Minbic zaferinin anlamı TC için de çok ağır!

Ortadoğu’da  TC devletinin Suriye politikası ekseninde destek verdiği DAİŞ çeteleri Rojava topraklarından temizlenmeye devam ediyor. Katliam ve zulmüyle bölge halkına ölümü ve göçü dayatan DAİŞ çetelerine yönelik gerçekleştirilen hamlelerden sonuncusu Minbic Hamlesi oldu.

Coğrafik ve stratejik açıdan oldukça önemli yerde duran Minbic’in DAİŞ çetelerinden temizlenmesi, Kobanê’ye yönelik DAİŞ çetelerinin tehditlerinin bertaraf olması anlamına gelirken diğer yandan Irak ve Suriye arasındaki bağlantı yolu ve dünyaya açılan kapı niteliğinde olan bir bölgenin kurtarılması demektir. Hol ve Şeddade’nin ardından en önemli son kalesini de kaybeden DAİŞ çetelerinin hareket alanını sınırlandıran bu zaferin TC devleti için de anlamı çok ağır!
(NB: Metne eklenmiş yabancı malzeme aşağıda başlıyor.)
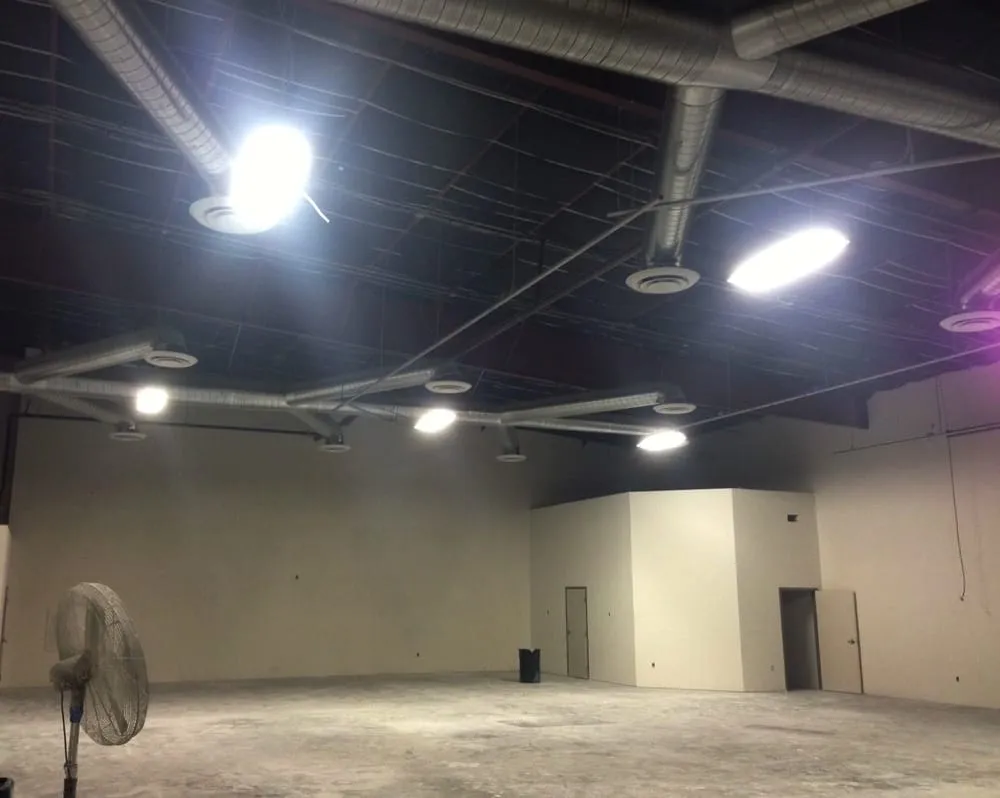 Trusted electrician providing circuit breaker repair in Acampo, CA - Superior Energy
Fırat suyu bölgesini DAİŞ saldırılarına karşı güvenlikli hale getiren ekilemeyen verimli toprakların işlenmesi ile birlikte Rojava’ya özellikle de Kobanê’ye yönelik TC-KDP işbirliğinde gerçekleştirilen ambargo işlevsizleştirilmiş olacak. Öte yandan Suriye’de en büyük petrol geliri sağlanan alanlardan biri olması nedeniyle de stratejik olan Minbic’in özgürleştirilmesi, DAİŞ’in Irak ve Suriye’deki ham petrolü TC ve KDP sayesinde Türkiye’ye pazarlamasının da önünü kapatmış oldu. Bunun TC devletindeki yansıması ise petrolden önemli ölçüde elde edilen gelirin kaybetmesi oldu. Ancak elbette TC için “güney sınırı”na yerleşen bir Kürt oluşumunun giderek güçlenmesi esas bedeldir. Minbic zaferi tüm bu yönleriyloe TC’nin Ortadoğu denkleminde DAİŞ’in yerine işaret ediyor ve Kürt Ulusal Hareketi’nin “terör” denkleminde bir yerinin olmadığını bir kez daha somutlaştırıyor.